Jakoba did not quit education. She commuted to Warsaw few times a week to attend clandestine middle school classes. Classes were organized by the Workers’ Association of Friends of Children school, which Jakoba had attended before the war. During one of such trips she was stopped by a Polish blue policeman at the Eastern Train Station. Preparing to escape from the ghetto, Jakoba’s mother, Idalia, had previously made arrangements for obtaining illegal documents (according to which Jakoba was named Danuta Dąbrowska), but failed to find an appropriate apartment. Although her papers were “in order,” Jakoba told the policeman her real name and address in the ghetto. Today she is unable to explain why she had done so. The policeman, together with his friend, came to the given address and demanded from Jakoba’s mother to reveal who had prepared their papers. Her mother treated the policemen to sausage and vodka and said that she would not disclose whence she had the papers because that, in turn, would incriminate very decent people, who were Poles. The drunk policemen accepted this argument and, being handed additional gifts, drove off.

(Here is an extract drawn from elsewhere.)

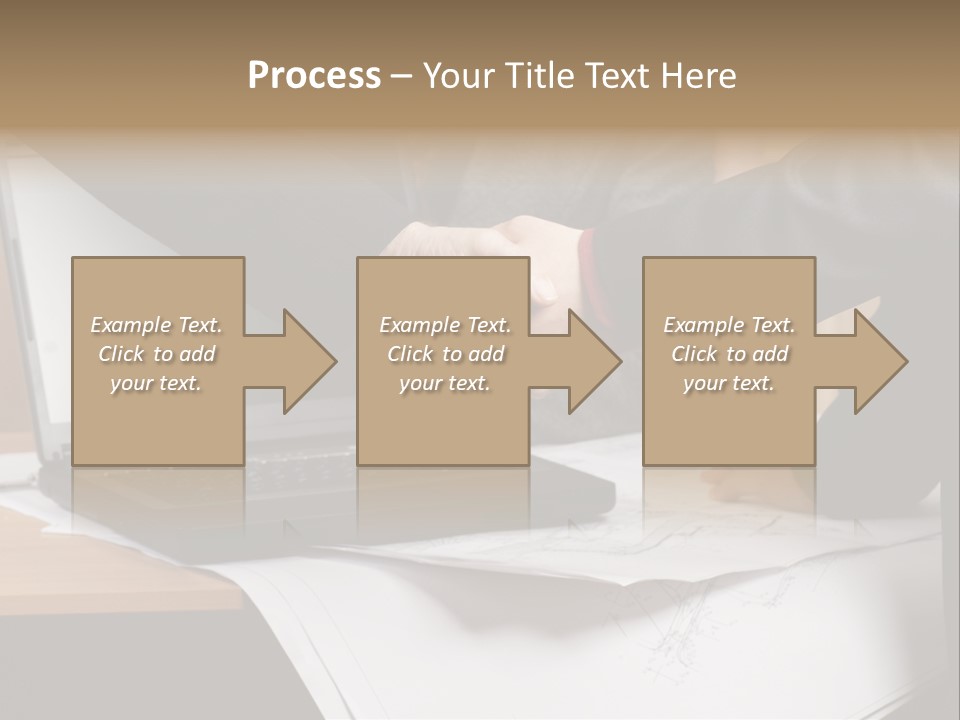 Two People Shaking Hands Over A Laptop Computer PowerPoint Template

Fearing a return visit from the policemen, the women escaped from the ghetto. In a rented room at 9 Wyspiańskiego Street in Żoliborz, they again experienced a visit from blackmailers. These, in turn, demanded a larger sum under the threat of denunciation to the Gestapo. Because Jakoba’s mother did not have the required amount, she, together with the Polish blue policemen, went to an acquaintance, Dr. Poczętowska (or Poczentowska) for a loan and handed the bribe to her persecutors.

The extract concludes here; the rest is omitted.